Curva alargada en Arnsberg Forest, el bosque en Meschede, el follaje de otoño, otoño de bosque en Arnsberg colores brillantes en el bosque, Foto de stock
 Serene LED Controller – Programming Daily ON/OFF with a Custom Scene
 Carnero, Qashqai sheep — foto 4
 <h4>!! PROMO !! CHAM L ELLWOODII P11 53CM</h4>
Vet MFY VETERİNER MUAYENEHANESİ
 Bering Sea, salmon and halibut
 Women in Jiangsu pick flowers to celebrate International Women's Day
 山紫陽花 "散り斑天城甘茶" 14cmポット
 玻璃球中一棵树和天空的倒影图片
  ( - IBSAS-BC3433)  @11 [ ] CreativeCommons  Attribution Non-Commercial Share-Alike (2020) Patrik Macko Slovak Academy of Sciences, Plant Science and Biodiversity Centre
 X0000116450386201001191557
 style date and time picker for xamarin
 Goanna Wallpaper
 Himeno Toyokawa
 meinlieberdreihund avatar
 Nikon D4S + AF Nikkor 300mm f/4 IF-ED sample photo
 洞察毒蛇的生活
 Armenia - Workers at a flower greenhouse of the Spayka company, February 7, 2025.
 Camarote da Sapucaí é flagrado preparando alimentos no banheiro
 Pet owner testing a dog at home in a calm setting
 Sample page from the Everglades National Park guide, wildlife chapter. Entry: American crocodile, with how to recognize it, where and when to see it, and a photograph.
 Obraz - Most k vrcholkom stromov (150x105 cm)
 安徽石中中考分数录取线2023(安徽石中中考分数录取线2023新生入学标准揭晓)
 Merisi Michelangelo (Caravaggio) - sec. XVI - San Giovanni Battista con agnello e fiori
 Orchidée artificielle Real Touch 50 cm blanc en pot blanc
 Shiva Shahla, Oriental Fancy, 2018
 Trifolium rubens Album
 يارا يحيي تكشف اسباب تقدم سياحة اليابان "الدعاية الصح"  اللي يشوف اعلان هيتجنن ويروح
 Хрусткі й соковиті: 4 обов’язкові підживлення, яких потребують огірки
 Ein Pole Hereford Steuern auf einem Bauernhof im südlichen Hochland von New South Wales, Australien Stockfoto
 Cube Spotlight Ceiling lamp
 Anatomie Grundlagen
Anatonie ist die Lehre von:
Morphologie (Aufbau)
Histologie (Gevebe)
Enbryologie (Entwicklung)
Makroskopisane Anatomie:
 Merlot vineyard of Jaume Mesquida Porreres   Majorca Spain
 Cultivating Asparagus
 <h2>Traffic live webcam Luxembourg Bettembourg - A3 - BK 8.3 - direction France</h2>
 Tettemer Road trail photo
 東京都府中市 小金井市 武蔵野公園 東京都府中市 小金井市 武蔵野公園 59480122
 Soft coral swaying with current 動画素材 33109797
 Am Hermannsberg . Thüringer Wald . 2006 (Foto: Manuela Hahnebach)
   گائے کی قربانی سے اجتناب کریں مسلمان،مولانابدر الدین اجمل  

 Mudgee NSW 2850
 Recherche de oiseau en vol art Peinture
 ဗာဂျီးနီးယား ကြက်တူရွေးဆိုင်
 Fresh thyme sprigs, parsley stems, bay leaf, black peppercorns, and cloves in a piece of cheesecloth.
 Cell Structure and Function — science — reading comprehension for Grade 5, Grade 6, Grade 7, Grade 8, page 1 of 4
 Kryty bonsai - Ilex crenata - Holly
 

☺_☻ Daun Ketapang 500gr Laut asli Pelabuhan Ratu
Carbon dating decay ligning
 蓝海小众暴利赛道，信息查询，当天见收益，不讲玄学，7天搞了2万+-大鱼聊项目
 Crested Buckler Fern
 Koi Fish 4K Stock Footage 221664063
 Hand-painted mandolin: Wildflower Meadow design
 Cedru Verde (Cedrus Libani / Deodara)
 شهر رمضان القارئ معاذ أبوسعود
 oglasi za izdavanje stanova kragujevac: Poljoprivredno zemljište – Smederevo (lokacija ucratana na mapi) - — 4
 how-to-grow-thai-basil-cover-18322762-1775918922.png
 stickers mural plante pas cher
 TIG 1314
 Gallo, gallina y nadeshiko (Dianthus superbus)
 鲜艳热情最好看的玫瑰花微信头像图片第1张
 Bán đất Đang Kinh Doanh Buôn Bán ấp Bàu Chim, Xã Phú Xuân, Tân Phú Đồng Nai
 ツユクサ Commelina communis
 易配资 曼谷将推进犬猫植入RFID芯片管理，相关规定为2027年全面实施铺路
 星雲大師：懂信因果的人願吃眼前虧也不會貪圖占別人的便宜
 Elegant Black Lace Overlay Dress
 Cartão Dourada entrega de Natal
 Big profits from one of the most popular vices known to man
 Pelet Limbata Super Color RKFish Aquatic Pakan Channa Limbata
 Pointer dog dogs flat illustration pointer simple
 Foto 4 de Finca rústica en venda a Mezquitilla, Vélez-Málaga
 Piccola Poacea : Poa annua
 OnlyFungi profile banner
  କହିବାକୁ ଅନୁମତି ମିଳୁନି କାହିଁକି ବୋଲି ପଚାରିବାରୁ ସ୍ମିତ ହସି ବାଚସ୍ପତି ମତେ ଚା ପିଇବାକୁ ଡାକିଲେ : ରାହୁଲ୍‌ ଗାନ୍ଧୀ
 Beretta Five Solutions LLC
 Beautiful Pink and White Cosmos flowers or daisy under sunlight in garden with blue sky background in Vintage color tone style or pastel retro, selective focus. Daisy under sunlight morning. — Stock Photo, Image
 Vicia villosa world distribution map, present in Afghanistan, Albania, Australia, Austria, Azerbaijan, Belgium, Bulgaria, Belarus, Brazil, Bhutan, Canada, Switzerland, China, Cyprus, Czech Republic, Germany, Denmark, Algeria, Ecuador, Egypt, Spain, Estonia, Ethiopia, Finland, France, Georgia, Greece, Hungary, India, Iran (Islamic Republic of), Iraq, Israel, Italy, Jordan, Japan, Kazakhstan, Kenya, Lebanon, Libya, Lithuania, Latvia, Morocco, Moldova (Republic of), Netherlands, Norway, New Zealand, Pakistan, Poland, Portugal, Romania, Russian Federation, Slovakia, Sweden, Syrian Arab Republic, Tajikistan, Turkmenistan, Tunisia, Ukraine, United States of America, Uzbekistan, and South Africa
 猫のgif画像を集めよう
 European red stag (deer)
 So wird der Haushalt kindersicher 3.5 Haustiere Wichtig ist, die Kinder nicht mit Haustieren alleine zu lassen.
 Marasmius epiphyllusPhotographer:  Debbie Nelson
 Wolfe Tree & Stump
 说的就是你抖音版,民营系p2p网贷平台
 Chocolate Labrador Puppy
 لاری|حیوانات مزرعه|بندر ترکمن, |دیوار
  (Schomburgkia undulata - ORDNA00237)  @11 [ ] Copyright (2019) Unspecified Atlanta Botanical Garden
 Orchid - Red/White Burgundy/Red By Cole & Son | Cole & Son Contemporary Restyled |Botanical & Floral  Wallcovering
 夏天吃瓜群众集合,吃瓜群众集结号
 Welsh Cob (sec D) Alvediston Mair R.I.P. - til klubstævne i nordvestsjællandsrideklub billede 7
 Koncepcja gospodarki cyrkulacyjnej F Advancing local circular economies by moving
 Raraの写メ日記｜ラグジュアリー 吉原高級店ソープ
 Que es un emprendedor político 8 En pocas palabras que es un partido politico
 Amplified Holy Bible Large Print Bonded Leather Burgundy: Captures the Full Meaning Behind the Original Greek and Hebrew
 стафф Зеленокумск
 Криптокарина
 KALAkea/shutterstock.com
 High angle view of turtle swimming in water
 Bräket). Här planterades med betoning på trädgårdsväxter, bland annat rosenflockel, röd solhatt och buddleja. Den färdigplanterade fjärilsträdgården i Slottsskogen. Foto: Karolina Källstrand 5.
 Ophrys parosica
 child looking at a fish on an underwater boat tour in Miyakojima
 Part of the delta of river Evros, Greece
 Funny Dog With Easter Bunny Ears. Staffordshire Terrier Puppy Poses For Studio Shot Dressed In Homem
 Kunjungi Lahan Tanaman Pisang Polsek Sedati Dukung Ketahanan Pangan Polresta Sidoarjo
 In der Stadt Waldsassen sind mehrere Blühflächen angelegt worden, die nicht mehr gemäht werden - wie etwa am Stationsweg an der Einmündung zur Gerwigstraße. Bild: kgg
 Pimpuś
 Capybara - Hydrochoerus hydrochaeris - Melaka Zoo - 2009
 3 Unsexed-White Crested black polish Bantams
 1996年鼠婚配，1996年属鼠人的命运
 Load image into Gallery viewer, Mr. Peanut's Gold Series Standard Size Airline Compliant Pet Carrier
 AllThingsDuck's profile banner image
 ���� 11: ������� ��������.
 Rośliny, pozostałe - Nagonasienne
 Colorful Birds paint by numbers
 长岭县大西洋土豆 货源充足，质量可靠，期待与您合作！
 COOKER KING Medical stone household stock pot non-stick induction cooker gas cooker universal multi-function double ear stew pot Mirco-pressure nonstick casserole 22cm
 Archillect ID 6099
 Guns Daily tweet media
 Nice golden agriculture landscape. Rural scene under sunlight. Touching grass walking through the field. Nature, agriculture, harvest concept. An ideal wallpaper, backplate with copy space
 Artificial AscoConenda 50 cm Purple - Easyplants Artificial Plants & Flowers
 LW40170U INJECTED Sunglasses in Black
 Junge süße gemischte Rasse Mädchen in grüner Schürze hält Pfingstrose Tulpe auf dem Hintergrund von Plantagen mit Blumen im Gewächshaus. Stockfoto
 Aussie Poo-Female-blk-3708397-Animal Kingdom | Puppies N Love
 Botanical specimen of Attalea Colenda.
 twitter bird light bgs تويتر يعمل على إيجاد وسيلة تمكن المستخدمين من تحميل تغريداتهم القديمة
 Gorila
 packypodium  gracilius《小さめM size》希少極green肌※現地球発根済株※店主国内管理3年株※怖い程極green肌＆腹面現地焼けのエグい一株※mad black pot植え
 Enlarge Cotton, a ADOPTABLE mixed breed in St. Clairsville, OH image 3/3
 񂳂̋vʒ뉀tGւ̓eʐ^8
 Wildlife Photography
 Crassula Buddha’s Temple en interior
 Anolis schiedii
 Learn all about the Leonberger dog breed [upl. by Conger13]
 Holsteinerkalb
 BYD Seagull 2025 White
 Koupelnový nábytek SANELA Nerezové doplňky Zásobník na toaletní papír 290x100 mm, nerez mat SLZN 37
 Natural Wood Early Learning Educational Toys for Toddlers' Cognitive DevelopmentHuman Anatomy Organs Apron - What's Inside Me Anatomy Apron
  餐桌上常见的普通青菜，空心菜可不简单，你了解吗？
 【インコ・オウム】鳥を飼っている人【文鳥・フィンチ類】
+--
**The task:** Give again exactly, and only, the lines above starting at the one with "Que es un emprendedor" and ending at the one with "1996年鼠婚配，1996年属鼠人的命运".

**Response to this exercise:**
 Que es un emprendedor político 8 En pocas palabras que es un partido politico
 Amplified Holy Bible Large Print Bonded Leather Burgundy: Captures the Full Meaning Behind the Original Greek and Hebrew
 стафф Зеленокумск
 Криптокарина
 KALAkea/shutterstock.com
 High angle view of turtle swimming in water
 Bräket). Här planterades med betoning på trädgårdsväxter, bland annat rosenflockel, röd solhatt och buddleja. Den färdigplanterade fjärilsträdgården i Slottsskogen. Foto: Karolina Källstrand 5.
 Ophrys parosica
 child looking at a fish on an underwater boat tour in Miyakojima
 Part of the delta of river Evros, Greece
 Funny Dog With Easter Bunny Ears. Staffordshire Terrier Puppy Poses For Studio Shot Dressed In Homem
 Kunjungi Lahan Tanaman Pisang Polsek Sedati Dukung Ketahanan Pangan Polresta Sidoarjo
 In der Stadt Waldsassen sind mehrere Blühflächen angelegt worden, die nicht mehr gemäht werden - wie etwa am Stationsweg an der Einmündung zur Gerwigstraße. Bild: kgg
 Pimpuś
 Capybara - Hydrochoerus hydrochaeris - Melaka Zoo - 2009
 3 Unsexed-White Crested black polish Bantams
 1996年鼠婚配，1996年属鼠人的命运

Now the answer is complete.